Work instructions – Repeat every record exactly as written, but leave out the pictures.

Given records –
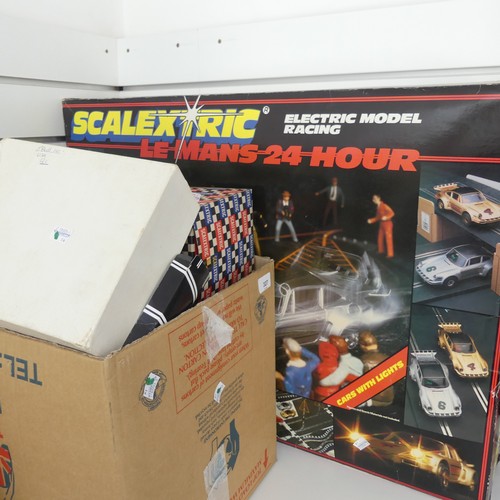 327 - Scalextric; large quantity of including a boxed Le Mans 24 set, various boxed buildings including ow... 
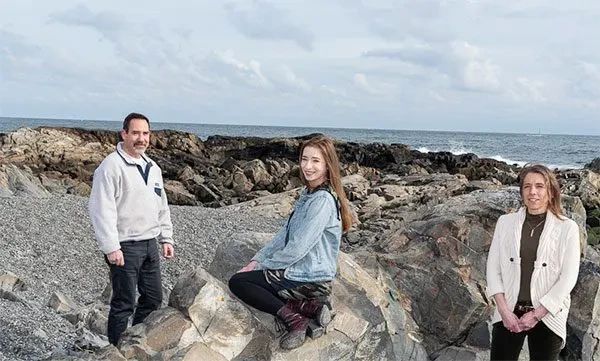 Three people posing on a rocky coastline by the ocean.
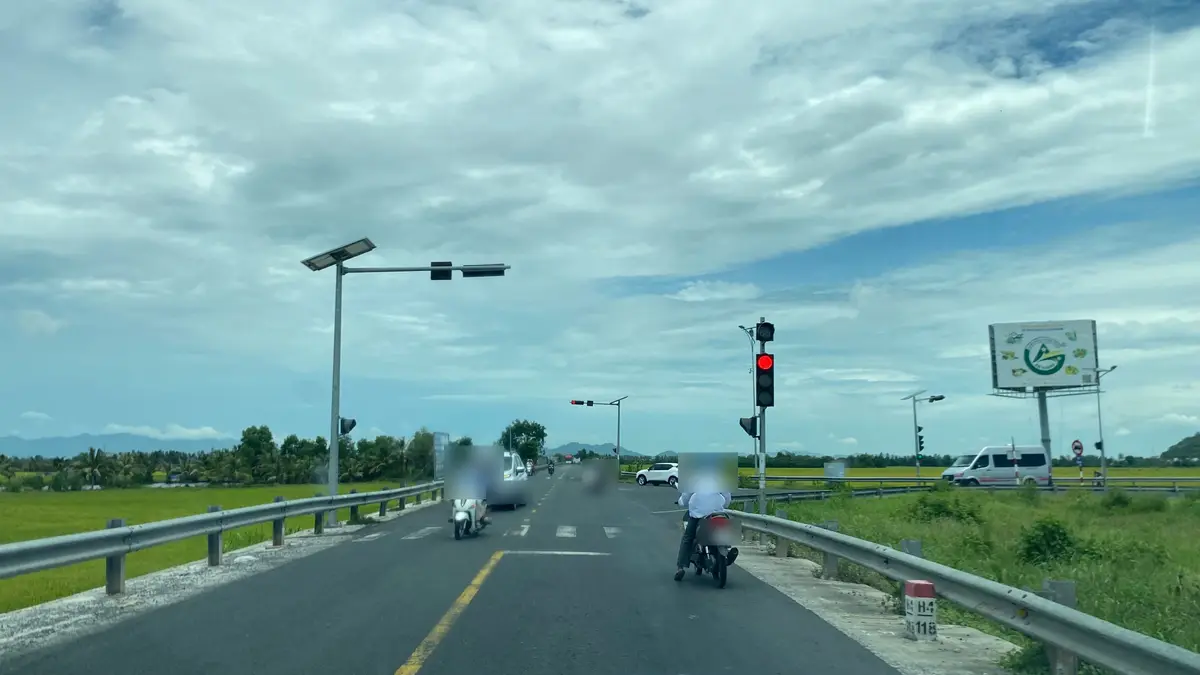 Two-lane rural road at a red traffic light with motorbikes and cars, rice fields on both sides under cloudy sky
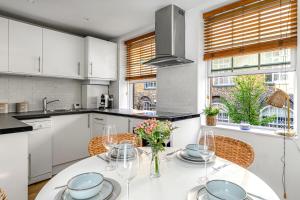 a kitchen with a table with a vase of flowers on it at Charming Studio Flat next to Holborn station in London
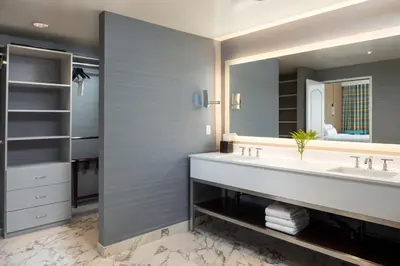 a bathroom with two sinks and a large mirror at The Westin Carlsbad Resort & Spa in Carlsbad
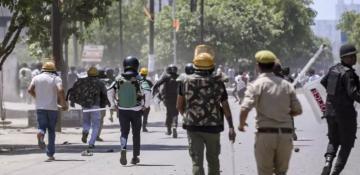 Noida workers’ wage protest turns violent; police deploy tear gas and arrest 50 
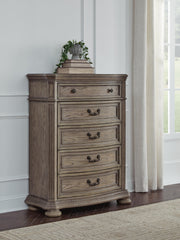Ashley Furniture Ardenfield chest of drawers with a dark wood finish and multiple storage drawers, showcasing a sturdy bedroom storage piece.
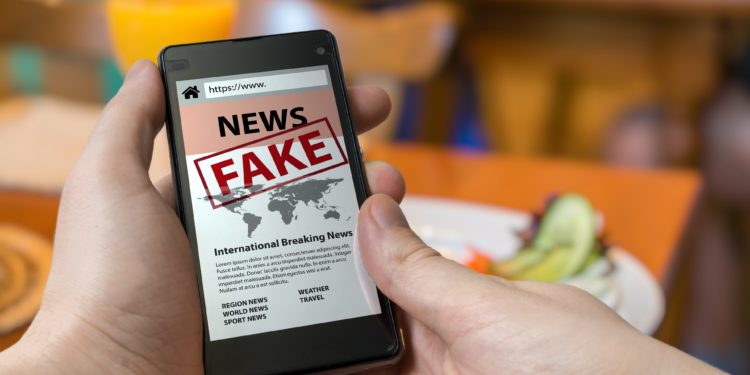 Eine Person hält ein Smartphone in der Hand, auf welchem ein als Fakenews gekennzeichneter Artikel zu sehen ist.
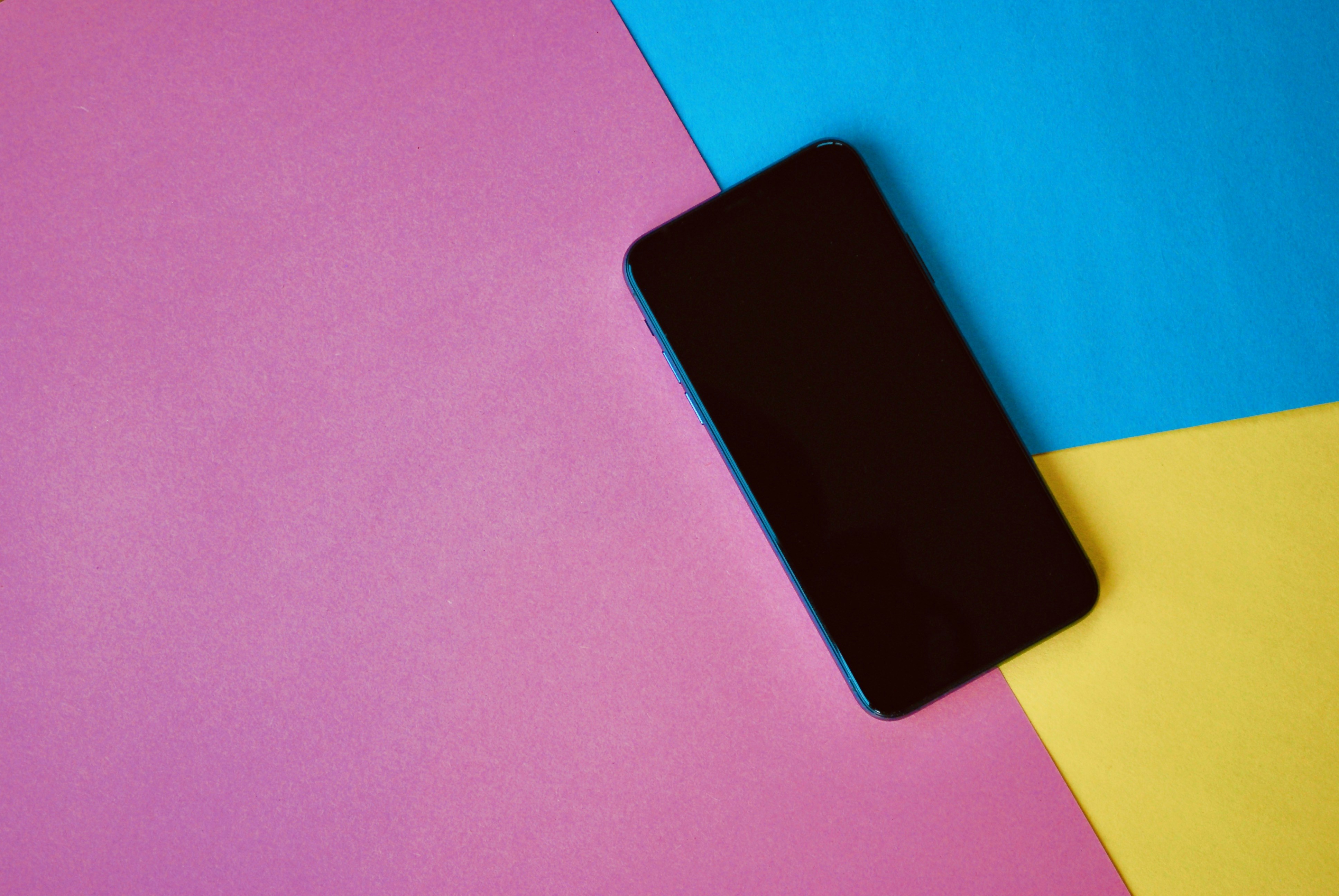 black smartphone on pink and blue textile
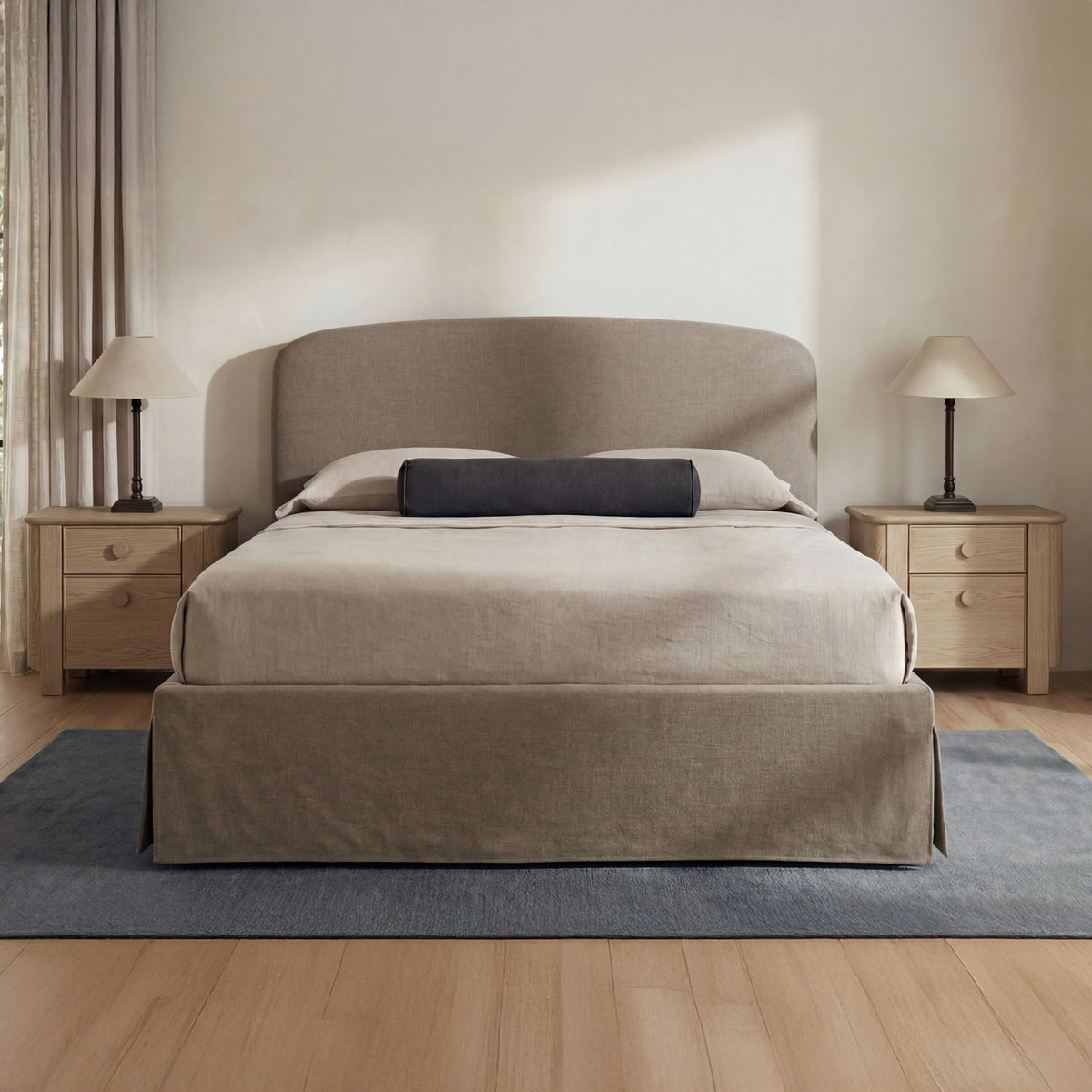 Light taupe king upholstered bed with tall headboard and low platform base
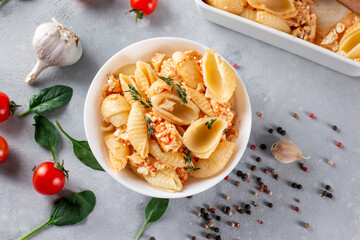Baked feta pasta in a plate. Fetapasta on a light background. New, popular dinner dish. Top view, copy space.
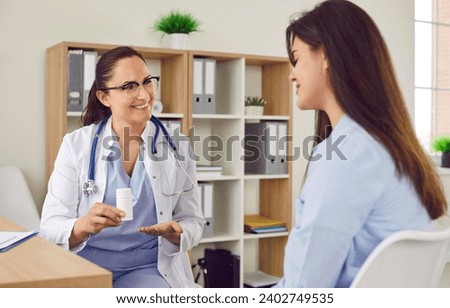 Young female doctor sitting on her workplace at the desk in doctor's office prescribing treatment to a young sick woman patient giving her pills after medical exam. Health care concept.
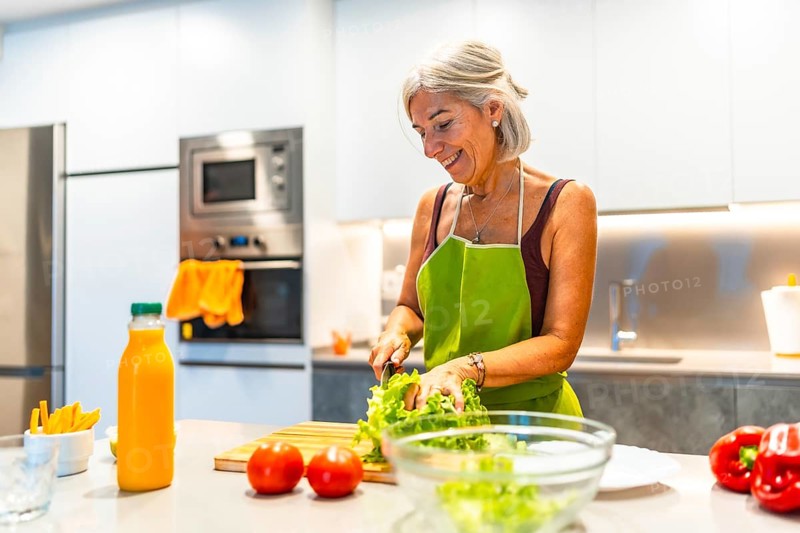 Happy mature woman wearing apron cutting fresh lettuce, preparing healthy meal with organic vegetables in her modern kitchen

Answer to this task –
 327 - Scalextric; large quantity of including a boxed Le Mans 24 set, various boxed buildings including ow... 
 Three people posing on a rocky coastline by the ocean.
 Two-lane rural road at a red traffic light with motorbikes and cars, rice fields on both sides under cloudy sky
 a kitchen with a table with a vase of flowers on it at Charming Studio Flat next to Holborn station in London
 a bathroom with two sinks and a large mirror at The Westin Carlsbad Resort & Spa in Carlsbad
 Noida workers’ wage protest turns violent; police deploy tear gas and arrest 50 
Ashley Furniture Ardenfield chest of drawers with a dark wood finish and multiple storage drawers, showcasing a sturdy bedroom storage piece.
 Eine Person hält ein Smartphone in der Hand, auf welchem ein als Fakenews gekennzeichneter Artikel zu sehen ist.
 black smartphone on pink and blue textile
 Light taupe king upholstered bed with tall headboard and low platform base
Baked feta pasta in a plate. Fetapasta on a light background. New, popular dinner dish. Top view, copy space.
 Young female doctor sitting on her workplace at the desk in doctor's office prescribing treatment to a young sick woman patient giving her pills after medical exam. Health care concept.
 Happy mature woman wearing apron cutting fresh lettuce, preparing healthy meal with organic vegetables in her modern kitchen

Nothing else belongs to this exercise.